Project 5: Implementation of parallel analysis in MDAnalysis
- Mentors
- Oliver Beckstein, Richard Gowers, RMeli, yuxuanzhuang, Ian Kenney
- Organization
- MDAnalysis
- Technologies
- python, dask
- Topics
- molecular dynamics, Parallel Programming, hpc computing
The proposal introduces parallel backend based on `dask` for MDAnalysis package. Potentially, it will allow researchers to run analysis of the molecular dynamics trajectories much faster, depending on their access to HPC facilities, hence increasing the speed of obtaining valuable insights from large-scale molecular simulations.
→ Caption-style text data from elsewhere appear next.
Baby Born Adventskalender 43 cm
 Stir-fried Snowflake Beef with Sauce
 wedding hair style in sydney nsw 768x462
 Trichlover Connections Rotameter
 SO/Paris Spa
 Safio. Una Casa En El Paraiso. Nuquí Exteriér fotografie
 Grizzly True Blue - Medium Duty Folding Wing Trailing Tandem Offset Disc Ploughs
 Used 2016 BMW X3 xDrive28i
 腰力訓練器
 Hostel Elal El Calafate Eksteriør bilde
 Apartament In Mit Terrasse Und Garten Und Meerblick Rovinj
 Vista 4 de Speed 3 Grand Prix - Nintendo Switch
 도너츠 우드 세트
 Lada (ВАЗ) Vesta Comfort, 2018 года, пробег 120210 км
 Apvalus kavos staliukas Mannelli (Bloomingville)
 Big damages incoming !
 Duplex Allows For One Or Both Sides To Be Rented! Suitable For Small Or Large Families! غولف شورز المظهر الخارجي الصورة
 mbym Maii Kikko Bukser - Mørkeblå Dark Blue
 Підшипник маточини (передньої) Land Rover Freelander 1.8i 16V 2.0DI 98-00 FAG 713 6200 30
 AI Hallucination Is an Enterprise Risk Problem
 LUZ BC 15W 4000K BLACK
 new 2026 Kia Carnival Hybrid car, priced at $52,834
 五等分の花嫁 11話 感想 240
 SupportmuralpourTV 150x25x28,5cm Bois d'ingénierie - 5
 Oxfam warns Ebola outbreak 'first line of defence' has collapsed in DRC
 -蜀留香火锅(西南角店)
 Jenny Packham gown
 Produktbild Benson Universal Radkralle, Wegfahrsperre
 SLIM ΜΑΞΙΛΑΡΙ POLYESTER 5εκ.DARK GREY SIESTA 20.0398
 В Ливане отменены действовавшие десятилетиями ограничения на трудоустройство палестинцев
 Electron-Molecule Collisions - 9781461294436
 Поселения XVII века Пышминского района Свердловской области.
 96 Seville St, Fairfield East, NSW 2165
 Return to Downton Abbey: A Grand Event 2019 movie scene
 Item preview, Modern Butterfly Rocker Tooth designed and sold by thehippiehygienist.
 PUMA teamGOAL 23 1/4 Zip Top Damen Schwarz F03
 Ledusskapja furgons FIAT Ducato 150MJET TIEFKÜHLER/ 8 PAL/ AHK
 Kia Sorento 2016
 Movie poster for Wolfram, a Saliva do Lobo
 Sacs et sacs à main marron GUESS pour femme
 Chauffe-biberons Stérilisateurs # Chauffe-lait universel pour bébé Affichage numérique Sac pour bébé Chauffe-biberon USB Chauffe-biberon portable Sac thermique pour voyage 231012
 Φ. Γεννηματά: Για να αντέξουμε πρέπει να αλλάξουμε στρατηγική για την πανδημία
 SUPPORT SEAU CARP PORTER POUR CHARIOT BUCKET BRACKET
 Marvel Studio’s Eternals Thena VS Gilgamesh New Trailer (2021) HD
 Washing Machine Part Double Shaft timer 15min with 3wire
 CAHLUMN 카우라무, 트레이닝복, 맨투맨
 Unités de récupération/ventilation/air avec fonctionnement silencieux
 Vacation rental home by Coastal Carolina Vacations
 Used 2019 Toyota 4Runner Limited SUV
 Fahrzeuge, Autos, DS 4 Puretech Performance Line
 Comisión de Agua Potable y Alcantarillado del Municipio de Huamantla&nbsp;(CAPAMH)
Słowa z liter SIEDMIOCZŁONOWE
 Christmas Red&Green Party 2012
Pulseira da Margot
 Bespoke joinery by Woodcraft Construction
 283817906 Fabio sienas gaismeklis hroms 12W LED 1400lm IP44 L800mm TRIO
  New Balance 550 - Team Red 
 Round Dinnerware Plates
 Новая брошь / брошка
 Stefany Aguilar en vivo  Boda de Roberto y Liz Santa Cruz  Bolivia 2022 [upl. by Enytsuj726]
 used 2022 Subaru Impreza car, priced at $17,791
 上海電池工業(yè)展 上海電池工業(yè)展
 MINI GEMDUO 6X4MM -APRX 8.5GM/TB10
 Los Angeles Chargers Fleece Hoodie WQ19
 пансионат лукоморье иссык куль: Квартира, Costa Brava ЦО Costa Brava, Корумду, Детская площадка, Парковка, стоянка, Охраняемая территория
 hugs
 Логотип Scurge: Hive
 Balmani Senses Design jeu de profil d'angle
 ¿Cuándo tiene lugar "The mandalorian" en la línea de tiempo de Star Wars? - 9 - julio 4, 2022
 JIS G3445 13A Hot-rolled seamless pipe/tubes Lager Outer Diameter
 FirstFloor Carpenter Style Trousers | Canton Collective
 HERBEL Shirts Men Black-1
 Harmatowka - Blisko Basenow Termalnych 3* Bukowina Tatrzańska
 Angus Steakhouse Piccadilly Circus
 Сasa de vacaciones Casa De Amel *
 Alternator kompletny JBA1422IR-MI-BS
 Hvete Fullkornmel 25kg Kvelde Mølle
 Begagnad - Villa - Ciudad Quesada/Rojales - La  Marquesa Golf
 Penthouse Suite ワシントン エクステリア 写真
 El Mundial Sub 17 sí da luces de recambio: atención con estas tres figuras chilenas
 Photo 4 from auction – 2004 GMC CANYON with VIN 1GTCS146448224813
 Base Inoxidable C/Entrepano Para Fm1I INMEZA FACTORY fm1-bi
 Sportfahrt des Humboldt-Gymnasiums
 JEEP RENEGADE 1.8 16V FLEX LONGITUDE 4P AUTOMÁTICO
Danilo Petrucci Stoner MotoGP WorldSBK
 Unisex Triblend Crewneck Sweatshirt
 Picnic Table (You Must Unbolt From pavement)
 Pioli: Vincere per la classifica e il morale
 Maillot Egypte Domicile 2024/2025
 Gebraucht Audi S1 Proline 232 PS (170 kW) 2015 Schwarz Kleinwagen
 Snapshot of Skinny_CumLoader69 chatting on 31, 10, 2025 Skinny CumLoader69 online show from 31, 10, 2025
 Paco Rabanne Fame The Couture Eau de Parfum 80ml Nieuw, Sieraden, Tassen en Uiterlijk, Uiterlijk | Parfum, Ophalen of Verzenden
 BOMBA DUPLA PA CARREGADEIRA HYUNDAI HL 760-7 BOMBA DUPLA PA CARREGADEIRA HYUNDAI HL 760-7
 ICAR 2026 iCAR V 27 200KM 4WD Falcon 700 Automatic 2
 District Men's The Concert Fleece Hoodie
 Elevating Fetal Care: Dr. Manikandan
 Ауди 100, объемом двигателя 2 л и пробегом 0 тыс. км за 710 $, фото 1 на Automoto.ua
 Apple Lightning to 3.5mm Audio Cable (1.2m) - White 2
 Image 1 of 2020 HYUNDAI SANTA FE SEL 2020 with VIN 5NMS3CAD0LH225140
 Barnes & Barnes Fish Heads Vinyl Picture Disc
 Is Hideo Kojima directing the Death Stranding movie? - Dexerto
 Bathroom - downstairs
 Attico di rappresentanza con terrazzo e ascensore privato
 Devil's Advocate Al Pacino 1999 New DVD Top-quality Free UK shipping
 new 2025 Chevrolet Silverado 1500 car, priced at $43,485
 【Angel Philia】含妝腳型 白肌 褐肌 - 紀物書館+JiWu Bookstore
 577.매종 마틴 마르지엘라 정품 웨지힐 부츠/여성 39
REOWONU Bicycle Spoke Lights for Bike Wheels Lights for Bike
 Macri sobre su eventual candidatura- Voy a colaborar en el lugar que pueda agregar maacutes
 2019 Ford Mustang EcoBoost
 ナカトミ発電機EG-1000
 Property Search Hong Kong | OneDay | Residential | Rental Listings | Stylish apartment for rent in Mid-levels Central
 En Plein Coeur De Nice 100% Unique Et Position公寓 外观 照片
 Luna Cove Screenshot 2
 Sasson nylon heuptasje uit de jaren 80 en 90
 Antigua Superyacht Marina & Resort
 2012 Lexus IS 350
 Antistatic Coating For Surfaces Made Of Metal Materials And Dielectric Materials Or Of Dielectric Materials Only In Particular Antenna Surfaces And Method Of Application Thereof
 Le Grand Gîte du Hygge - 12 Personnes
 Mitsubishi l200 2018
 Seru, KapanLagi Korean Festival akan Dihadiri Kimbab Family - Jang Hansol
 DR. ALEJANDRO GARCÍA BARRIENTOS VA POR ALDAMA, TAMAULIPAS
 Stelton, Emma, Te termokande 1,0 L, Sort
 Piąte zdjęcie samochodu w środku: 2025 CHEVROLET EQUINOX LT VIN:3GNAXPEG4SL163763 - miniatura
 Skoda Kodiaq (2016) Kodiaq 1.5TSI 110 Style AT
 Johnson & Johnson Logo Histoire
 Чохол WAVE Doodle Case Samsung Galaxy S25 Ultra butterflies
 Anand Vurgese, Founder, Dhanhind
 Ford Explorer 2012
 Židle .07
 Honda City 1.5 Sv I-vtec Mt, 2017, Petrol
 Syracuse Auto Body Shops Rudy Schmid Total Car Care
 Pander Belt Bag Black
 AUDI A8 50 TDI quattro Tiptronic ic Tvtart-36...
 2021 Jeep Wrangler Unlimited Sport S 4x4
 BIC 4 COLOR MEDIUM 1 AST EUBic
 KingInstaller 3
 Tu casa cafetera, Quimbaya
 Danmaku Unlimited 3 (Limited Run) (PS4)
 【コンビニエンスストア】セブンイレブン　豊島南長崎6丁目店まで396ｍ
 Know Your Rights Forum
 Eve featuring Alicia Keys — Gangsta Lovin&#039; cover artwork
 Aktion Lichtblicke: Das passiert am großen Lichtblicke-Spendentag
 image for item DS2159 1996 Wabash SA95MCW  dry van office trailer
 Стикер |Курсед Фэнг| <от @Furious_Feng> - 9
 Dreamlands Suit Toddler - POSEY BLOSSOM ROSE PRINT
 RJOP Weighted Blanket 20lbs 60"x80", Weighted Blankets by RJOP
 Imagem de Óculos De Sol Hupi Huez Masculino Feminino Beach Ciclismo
Briefly, the proposal aims to re-write protocol for `MDAnalysis.AnalysisBase.run()` method to use a scheduler-based approach. This is supposed to be done with gradually increasing complexity, covering each steps with respective tests to ensure backward compatibility:
- simply re-write the protocol without adding additional complexity such as multiple processes
- add multiple cores for a single node
At this point, a mid-project checkpoint is set.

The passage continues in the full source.